While driving to my sister's wedding, we had some alone time and the perfect opportunity to chat and let her know about some things in my life because we rarely see each other due to my being in a long-distance relationship and was only able to see my boyfriend on weekends and therefore not able to spend time with friends. I started ranting about work and difficult co-workers; she didn't find it very interesting and changed the subject. I started ranting about work again. Again, she didn't say anything. I was upset because I felt like I was not being listened to and my feelings were being dismissed, so sarcastically I said, "Well, sorry about bringing up work, I know people don't like hearing stuff like that." This was her reply, "Oh, it's okay, you have a boyfriend now, you can tell him about your problems."

I was shocked. Yes, I have a boyfriend now and I do tell him about my problems, but it's not the same as getting support from your friends. Besides, since we're friends, I thought that she'd care to know what I've been to. It's funny that not too long ago when she started a new job, she was always running to me to complain about it and I was there to listen. Now that the tables had turned and I needed some support, she was not willing to lend support.
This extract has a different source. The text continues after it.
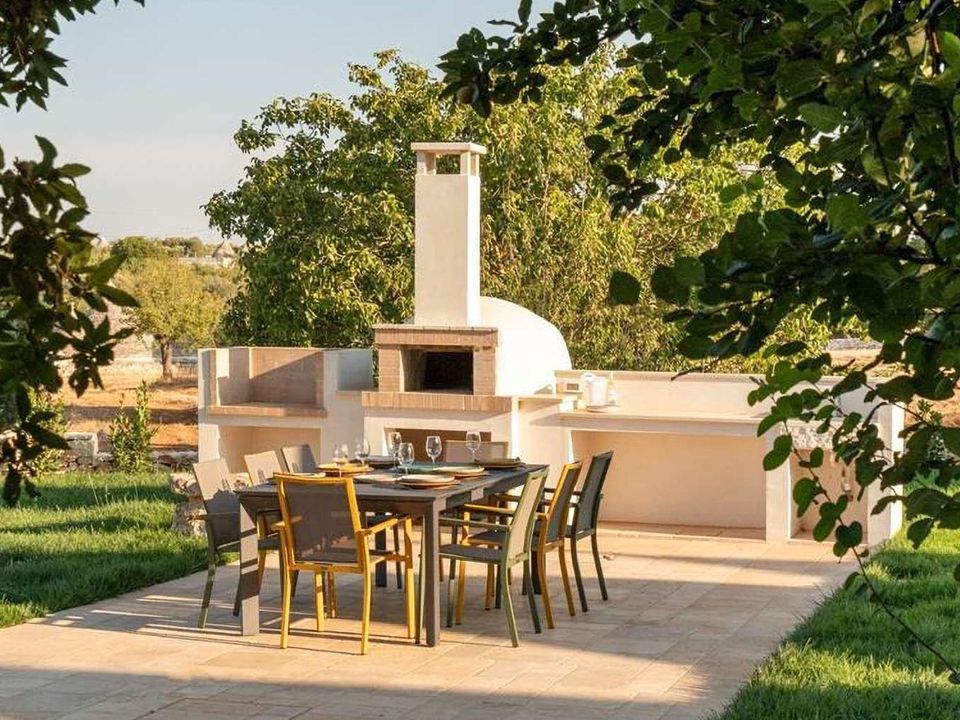 Villa i Ostuni, Brindisi - foto 4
Ever since then, I can't bare to be around her, to look at her, to speak to her. We had a little talk over the phone about it, and though it sounded like it smoothed everything out, it didn't. Basically, she said she feels like I'm rubbing it in her face that I'm coupled and participate in the lowest form of intimacy with my boyfriend - holding hands - right in front of her.


I was in this situation with an ex of mine. Her and her best friend were roommates, and her friend got jealous when I came over and hung out. She would be nice to my face, but take it out on my ex. Then she ended up dating some asshole that was just using her, so we kinda just ignored the guy. She took it personally and said we weren't being supportive. I was like it's hard to be supportive of someone that never was supportive of me in the first place. My ex and her ended up moving their separate ways and I ended up moving to a different apt with my ex like 6 months later.

I would say don't cave in to her, but be open to talk to her, but don't cater to her in any way, you'll just make it worse.

JackieB
01-28-2008, 01:55 PM
I guess she views your life as being perfect because you have a boyfriend and found a job that you like. It must scare her to see things working out for you, even though you still have problems (she obviously doesn't see these). As for her not wanting to talk about work in the car - maybe it was because she didn't take your problems seriously and didn't think it was really that bad. Or maybe she's just been feeling really bad about her life situation right now and because of that she really didn't want to hear any negativity.

I don't know how close the two of you have been - but if she has been a really good friend in the past, I think you should try talking to her about how she's making you feel before you 'phase her out.' I think she probably doesn't even know how much she's upset you. Give it another try, but obviously, you can't keep someone in your life who's constantly hurting you - so if she isn't willing to try and be more understanding of you or to be a good friend, then I guess you'll have to phase her out.